## Exercise
An exact transcription of the lines from the one holding "Binary Log Group Commits" to the end of the entries below, and nothing more, is the required answer. Please omit the pictures.

## Material supplied
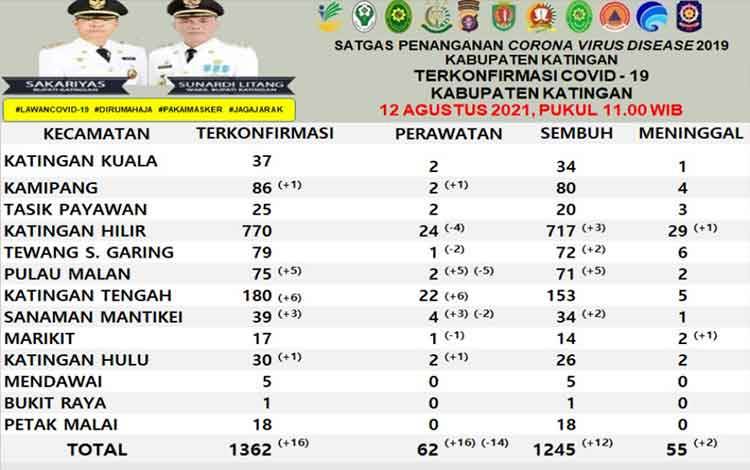 Update Terkait Covid-19 di Katingan: 2 Meninggal, Terkonfirmasi 16 dan Sembuh 12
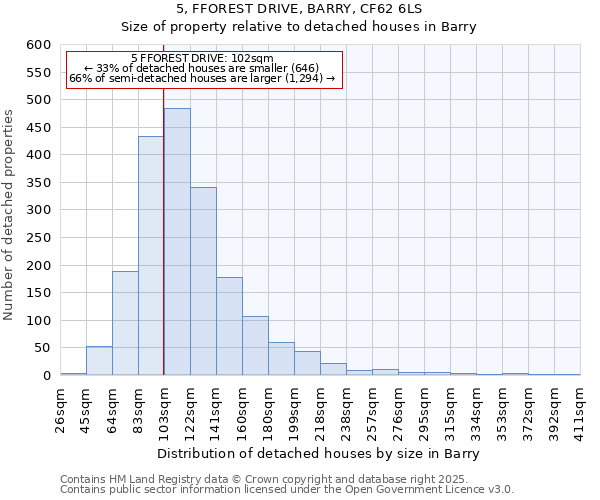 5, FFOREST DRIVE, BARRY, CF62 6LS: Size of property relative to detached houses houses in Barry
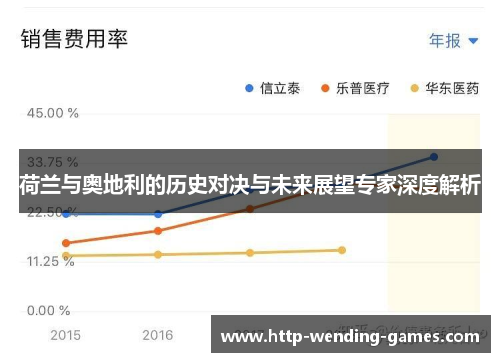 荷兰与奥地利的历史对决与未来展望专家深度解析
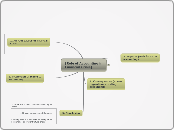 [Role of Accounting in Financial Crisis] - Mind Map
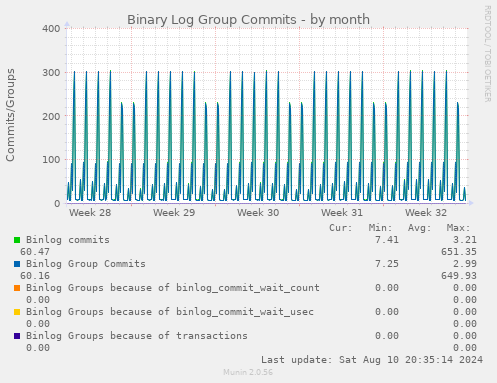 Binary Log Group Commits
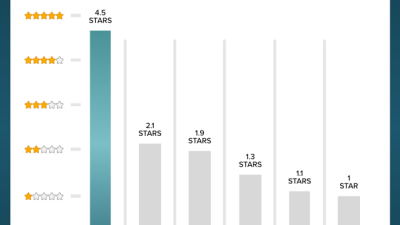 First American Home Warranty Reviewing the Best High-Value Systems Coverage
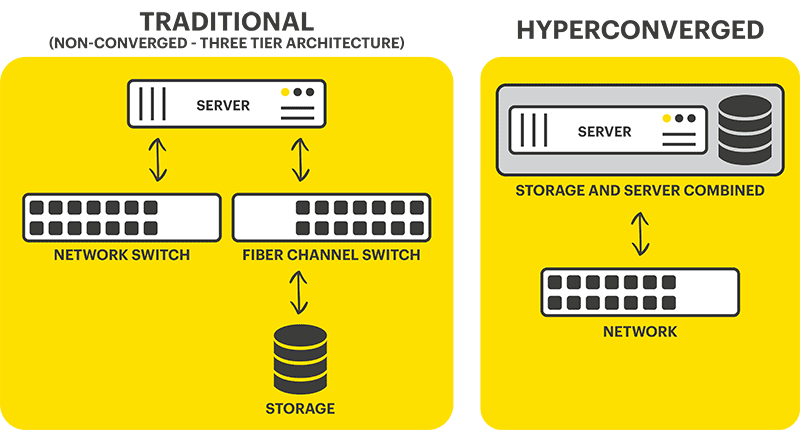 Hyperconvergence (HCI) Explaination Hyperconvergence HCI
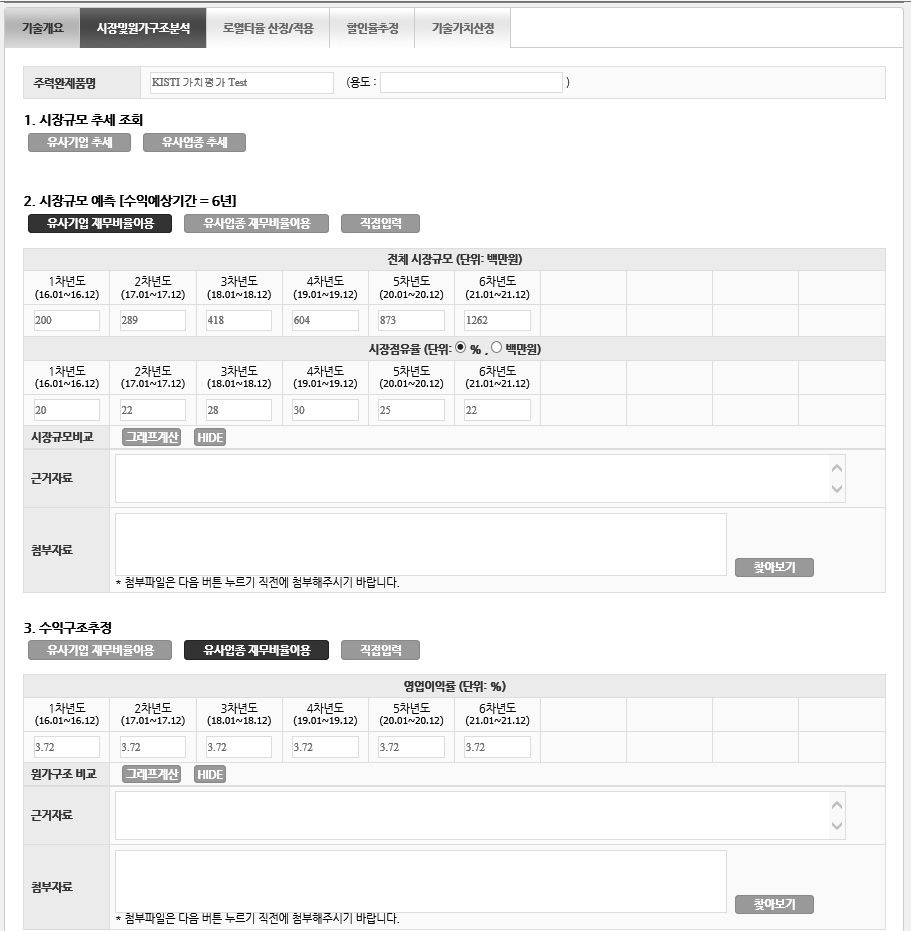 시장 및 원가구조 분석 화면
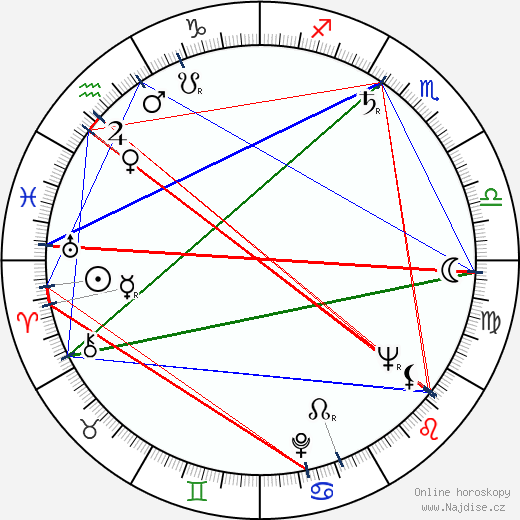 Stanley Grover wikipedie wiki 2023, 2024 horoskop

## Response area
 Binary Log Group Commits
 First American Home Warranty Reviewing the Best High-Value Systems Coverage
 Hyperconvergence (HCI) Explaination Hyperconvergence HCI
 시장 및 원가구조 분석 화면
 Stanley Grover wikipedie wiki 2023, 2024 horoskop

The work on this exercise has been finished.